Mark Needham

Thoughts on Software Development

Archive for the ‘shell-scripting’ tag

Unix parallel: Populating all the USB sticks

without comments

The day before Graph Connect Europe 2016 we needed to create a bunch of USB sticks containing Neo4j and the training materials and eventually iterated our way to a half decent approach which made use of the GNU parallel command which I’ve always wanted to use!

But first I needed to get a USB hub so I could do lots of them at the same time. I bought the EasyAcc USB 3.0 but there are lots of other ones that do the same job.
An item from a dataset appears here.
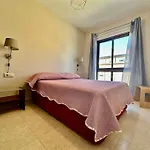 Relax Playa De La Jaquita Apartment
Next I mouunted all the USB sticks and then renamed the volumes to be NEO4J1 -> NEO4J7:

for i in 1 2 3 4 5 6 7; do diskutil renameVolume "USB DISK" NEO4J${i}; done

I then created a bash function called ‘duplicate’ to do the copying work:

function duplicate() {
  echo ${i}
  time rsync -avP --size-only --delete --exclude '.*' --omit-dir-times /Users/markneedham/Downloads/graph-connect-europe-2016/ /Volumes/NEO4J${i}/

We can now call this function in parallel like so:

seq 1 7 | parallel duplicate

And that’s it. We didn’t get a 7x improvement in the throughput of USB creation from doing 7 in parallel but it took ~ 9 minutes to complete 7 compared to 5 minutes each. Presumably there’s still some part of the copying that is sequential further down – Amdahl’s law #ftw.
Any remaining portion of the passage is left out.